*** Opening DATA UNDER STUDY ***
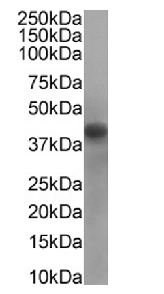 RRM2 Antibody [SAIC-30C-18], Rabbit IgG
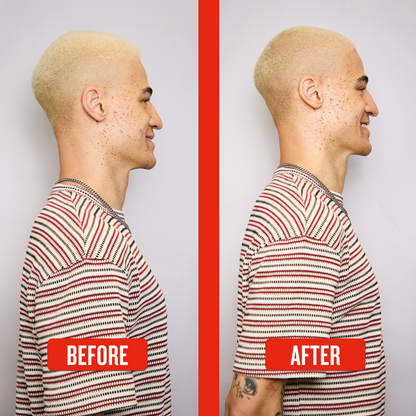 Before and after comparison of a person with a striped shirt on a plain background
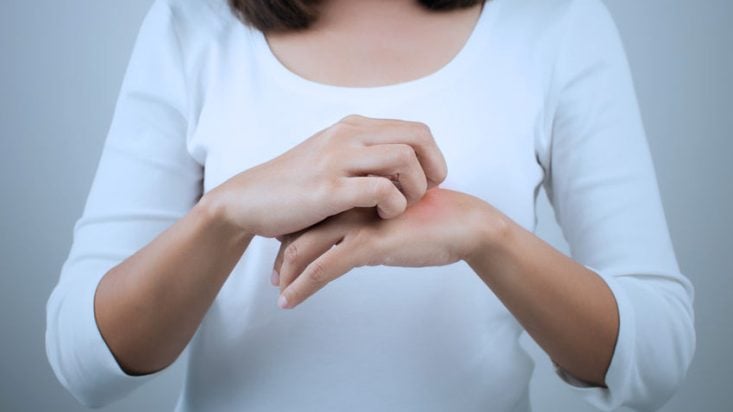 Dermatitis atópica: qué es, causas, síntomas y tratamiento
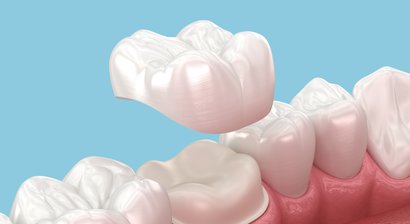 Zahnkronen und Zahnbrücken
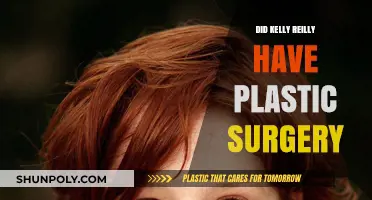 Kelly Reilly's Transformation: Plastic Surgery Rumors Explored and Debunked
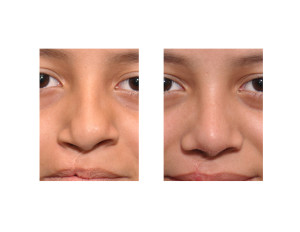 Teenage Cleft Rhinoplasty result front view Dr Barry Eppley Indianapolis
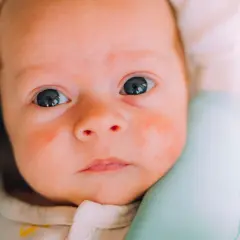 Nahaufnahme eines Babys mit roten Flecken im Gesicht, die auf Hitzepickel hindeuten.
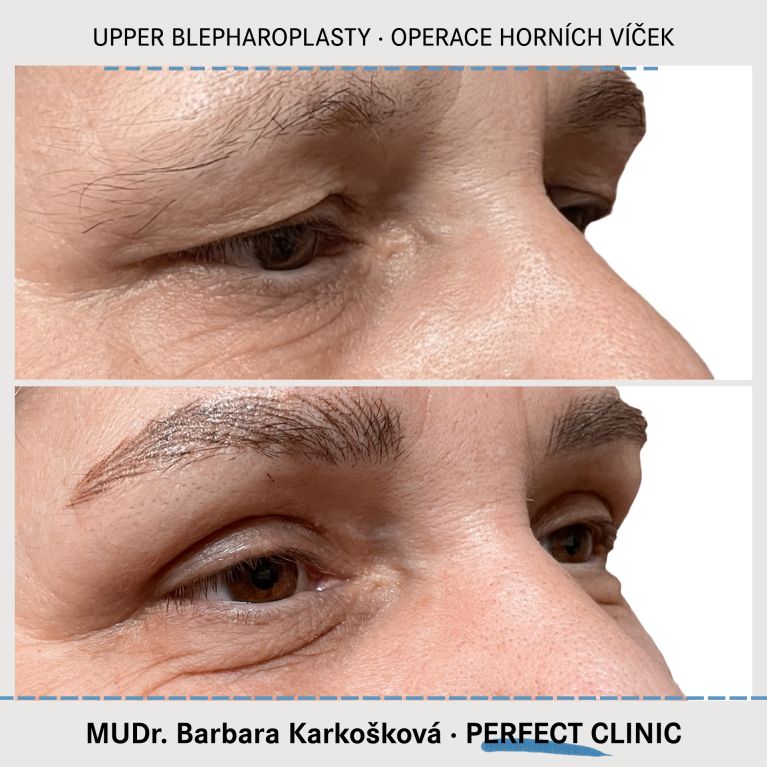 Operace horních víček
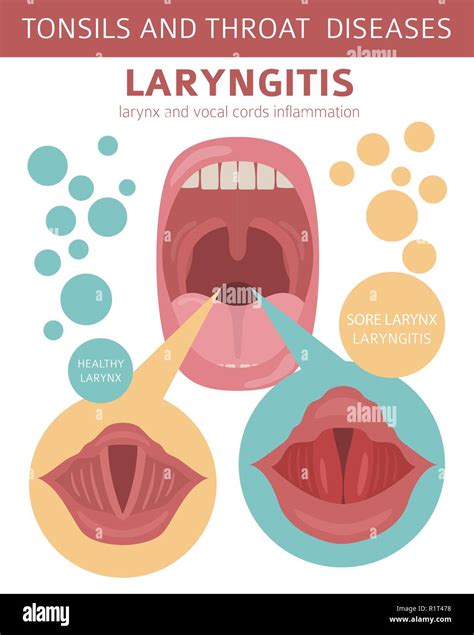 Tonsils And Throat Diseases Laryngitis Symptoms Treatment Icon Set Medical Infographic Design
*** Closing DATA UNDER STUDY ***
**REQUIRED ACTION:** Exact repetition is the task: every line from the start of the data to the line with "Zahnkronen und Zahnbrücken", inclusive, and none after it, pictures omitted.

**SOLUTION FOR THIS TASK:**
 RRM2 Antibody [SAIC-30C-18], Rabbit IgG
 Before and after comparison of a person with a striped shirt on a plain background
 Dermatitis atópica: qué es, causas, síntomas y tratamiento
 Zahnkronen und Zahnbrücken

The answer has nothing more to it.